The following example uses Append mode.

df = //Create DataFrame from any source
        
val hive = com.hortonworks.spark.sql.hive.llap.HiveWarehouseBuilder.session(spark).build()
        
df.write.format(HIVE_WAREHOUSE_CONNECTOR)
.mode("append")
.option("table", "my_Table")
.save()     

ETL example (Scala)

Read table data from Hive, transform it in Spark, and write to a new Hive table.
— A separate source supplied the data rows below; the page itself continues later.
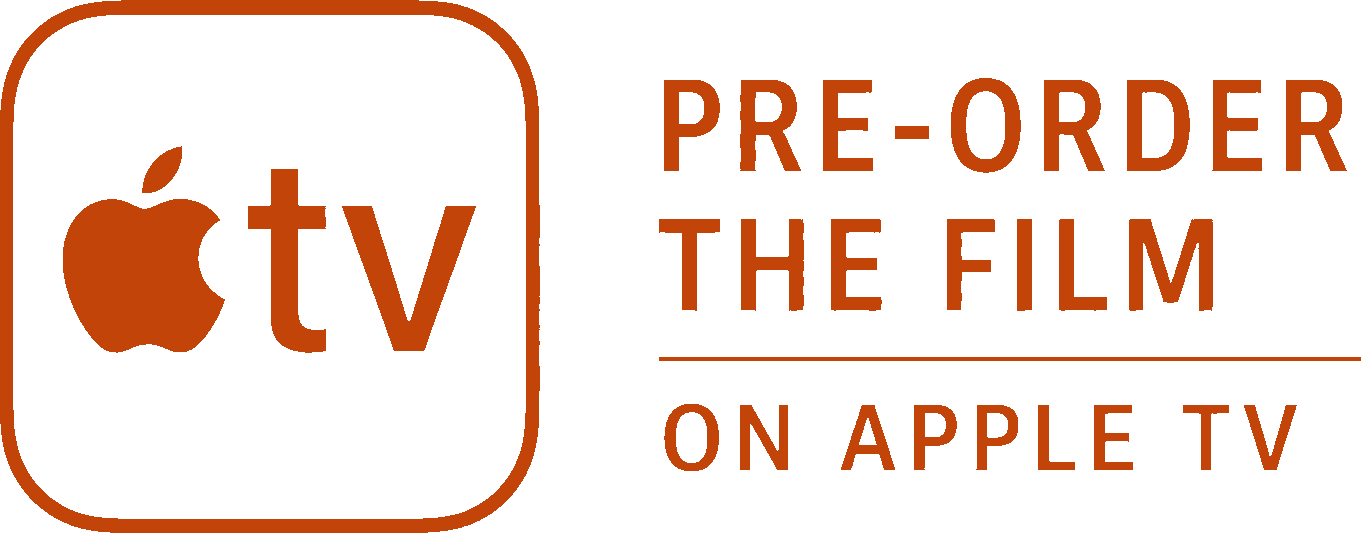 Apple TV logo with the text "Pre-Order The Film on Apple TV" in orange.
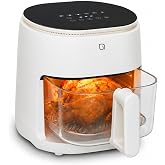 WILLOW Eco Series 6 in 1 Air Fryer with Glass Basket, 5 Quart Non Toxic Air Fryer w Digital Display, 430&deg;F Max Temp, Preheat &amp; Keep Warm Function, Compact + Dishwasher Safe Glass Airfryer - White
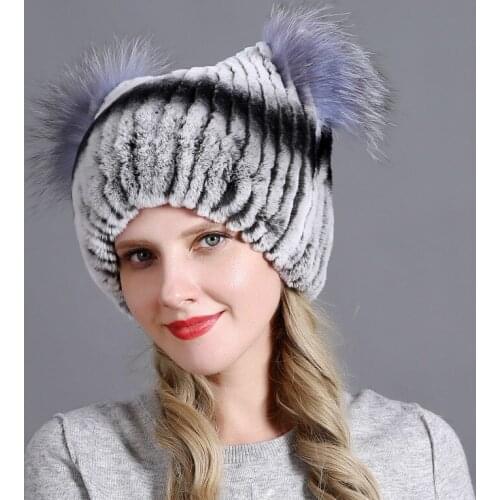 Rex Rabbit Fur Beanie Women Hat Ladies Winter Thickened Soft Warm Ear Protection Cap Female Korean Cat Ear Skullies Hats H7028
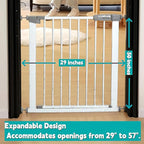 29"-57" Baby and Pet Safety Gate, 30" Tall Metal Walk-Thru Gate for Doorways & Stairs, Easy One-Hand Open, Dual Lock (White, 29" W x 30.5“H)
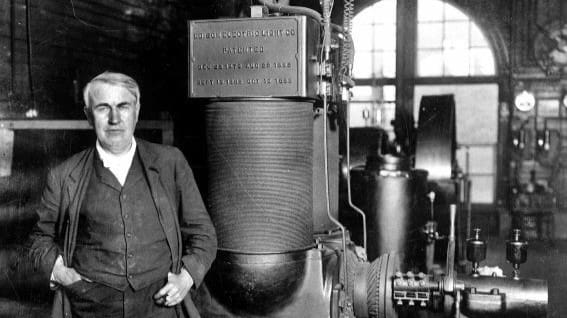Thomas Alva Edison (1847–1931), American inventor and businessman photographed in his factory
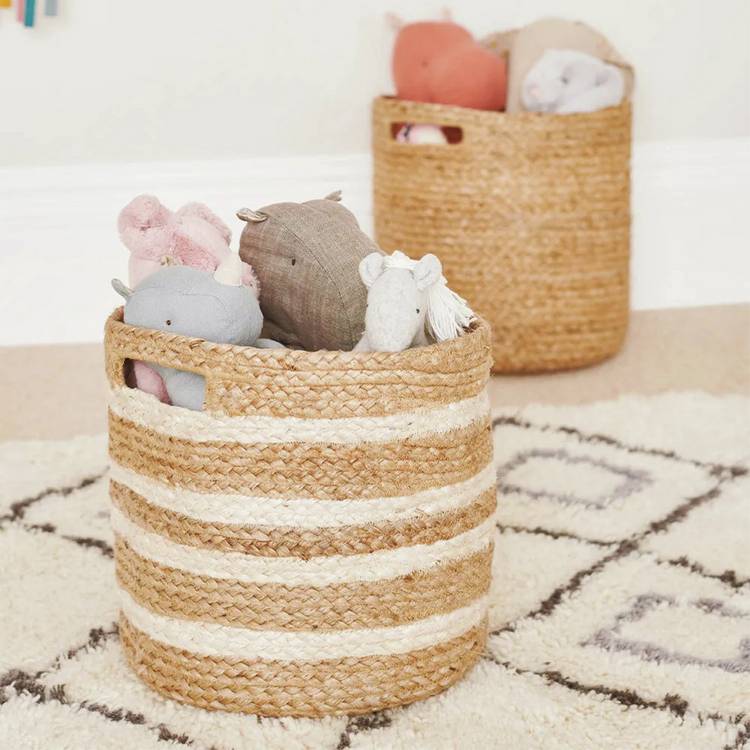 Great Little Trading Company Jute Storage Basket - Ivory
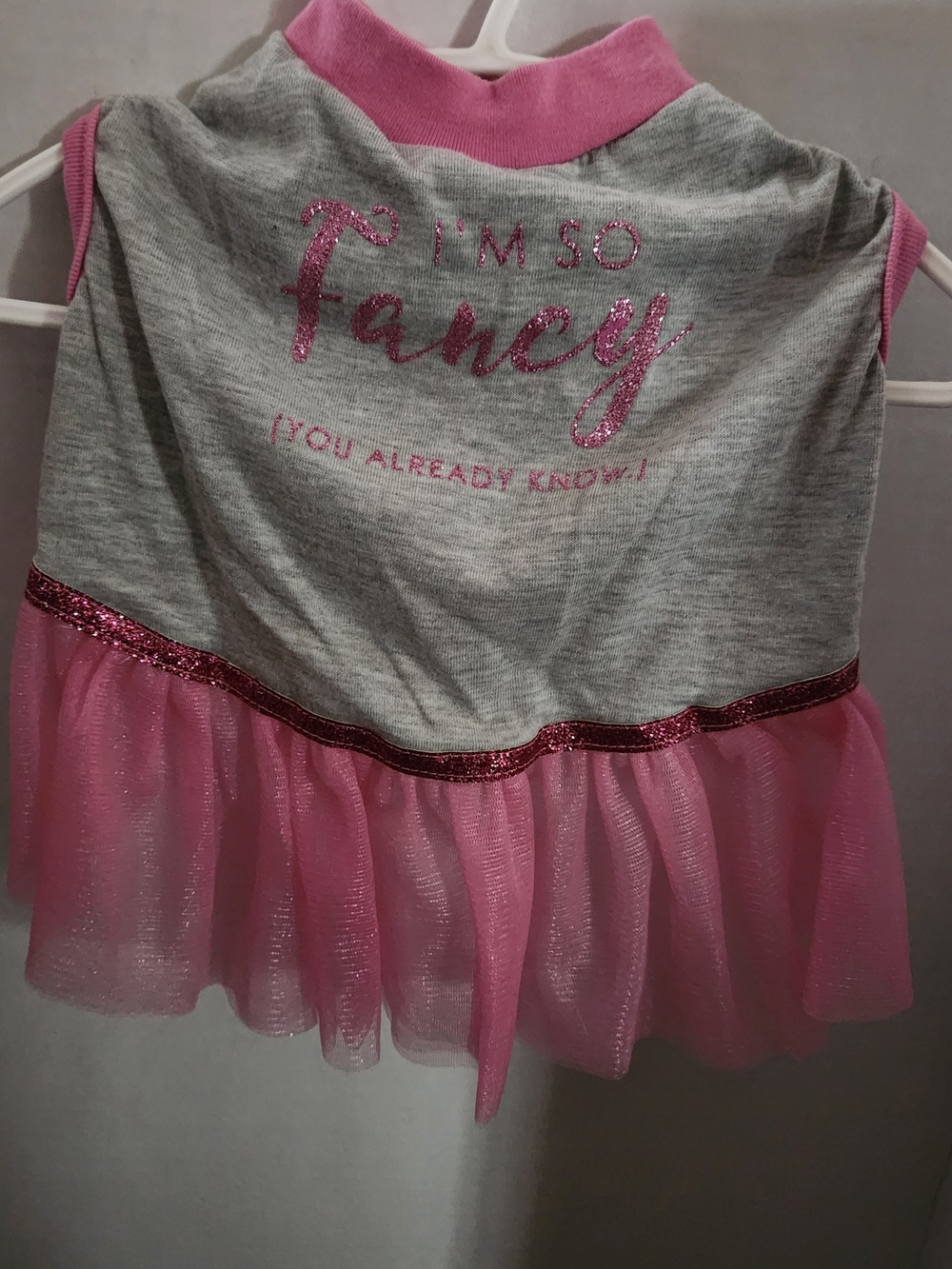 Top Paw Gray and Pink "I'm So Fancy" Dog Dress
import com.hortonworks.hwc.HiveWarehouseSession
import com.hortonworks.hwc.HiveWarehouseSession._
val hive = HiveWarehouseSession.session(spark).build()
hive.setDatabase("tpcds_bin_partitioned_orc_1000")
val df = hive.executeQuery("select * from web_sales")
df.createOrReplaceTempView("web_sales")
hive.setDatabase("testDatabase")
hive.createTable("newTable")
.ifNotExists()
.column("ws_sold_time_sk", "bigint")
.column("ws_ship_date_sk", "bigint")
.create()
sql("SELECT ws_sold_time_sk, ws_ship_date_sk FROM web_sales WHERE ws_sold_time_sk > 80000)
.write.format(HIVE_WAREHOUSE_CONNECTOR)
.mode("append")
.option("table", "newTable")
.save()